The story of the family of Tran Dieu Lan — Grandma — her children and grandchildren is of heartbreak over and over, like that of their country. The book opens in Hanoi in 2012 and is told by Huong, the adoring granddaughter, who seems to channel her grandmother throughout. Nguyen, who was born in 1973 — two years before the last U.S. Marine left Saigon — is a celebrated poet in Vietnam. Her writing is gorgeous and vivid. As you read, you smell the cooking pots and incense around the characters, you run with them, hide with them, feel the searing pain in their bare feet, mourn with them, feel their fury at being attacked and witness the trauma that is etched into their civilian lives as one lash follows another.
But the story is buoyed, too, by the family's extraordinary resilience. Through the '40s and into the '50s, Grandma and her husband build a life as farmers, and they become relatively well off, selling their produce at markets, hiring fellow villagers to work for them. When the land reform comes, this family is vilified for being rich merely because they are not suffering.

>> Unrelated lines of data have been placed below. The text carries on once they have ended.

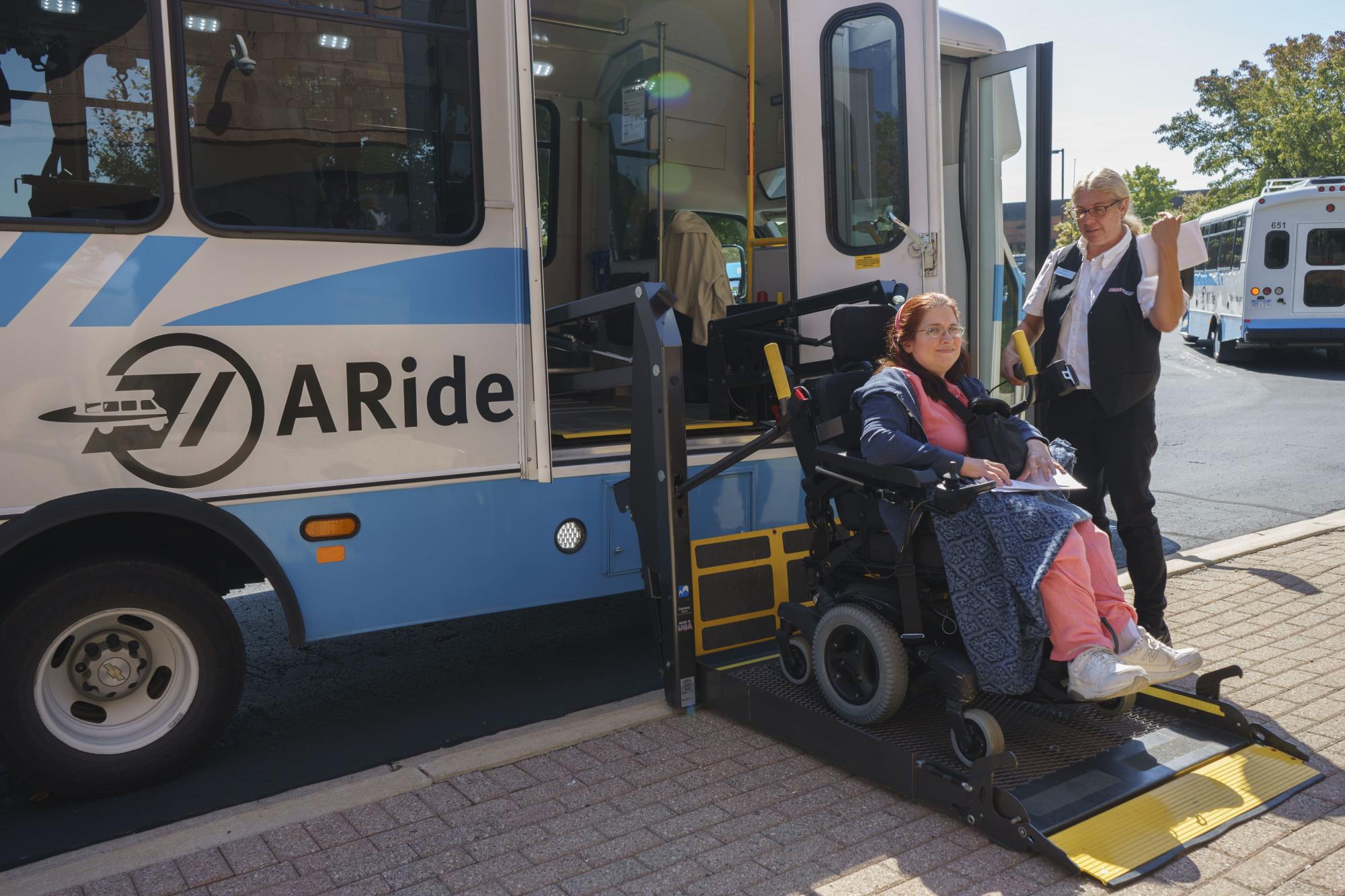 A woman has help boarding the A-Ride bus with her wheelchair.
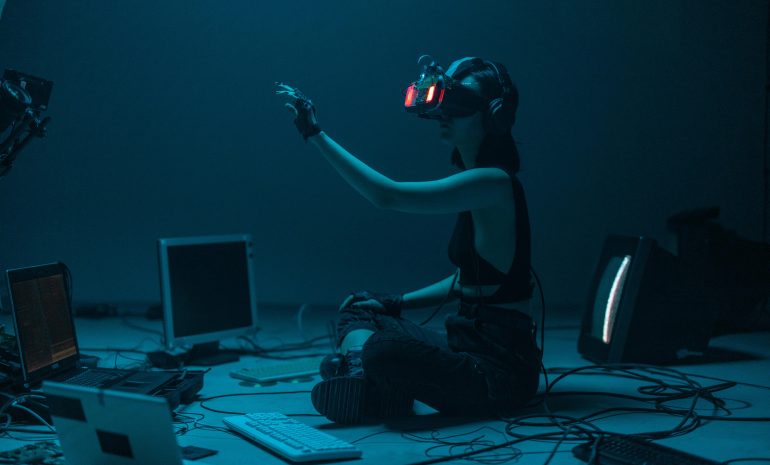 Woman immersed in virtual reality, surrounded by tech, in a dimly lit room.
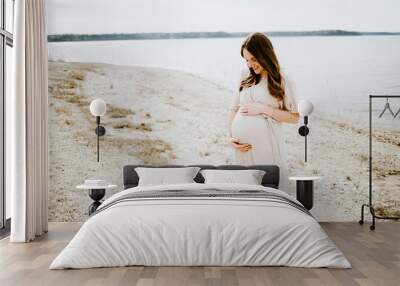 Pregnant Mom holding Belly Wall mural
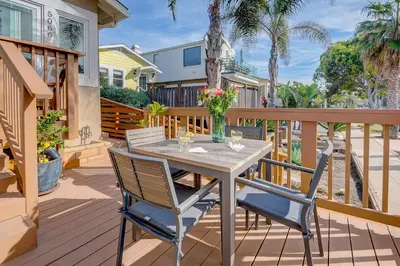 a wooden deck with a table and two chairs at Beach Park Getaway in San Diego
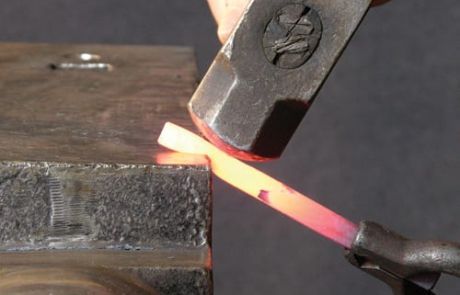 welder working on an object with red light coming out of the end of it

The land reform pitted the Vietnamese against each other in a ruthless wave of Communist overkill. The Tran family is, after all, a peasant family, but they are threatened with death and have to flee their land. The farm, their hard work and serenity are torn from them, cut up and given to others.
As Grandma runs with her six children, authorities are looking for them, identifying her by the size of her brood. She sloughs each kid as she goes, finding what she believes are safe places, promising to return for them, disguising herself on her harrowing journey to Hanoi.
The family does reunite later, but when the Americans arrive, several of Grandma's children go off to fight. Huong is a child when her parents and uncles join their countrymen on the Ho Chi Minh Trail, and Huong's only lifeline is her grandmother. At war's end, Grandma and Huong wait for their loved ones to return. They wait, and wait, and when hope seems lost, reunions take place, but everyone is deeply changed.
This book is so devastating in places as to be unbearable, but then the flow of the writing and the story brings you onto a wave of hope. Then you ride the resilience to the next trough, and so on, until you are nearing the end, wistfully, wishing to stick around longer to witness a good life for the adult Huong.
On the last page, Grandma speaks to her from her ancestral plane: "I'm glad you wrote down what we went through, Guava. I can't wait to read it."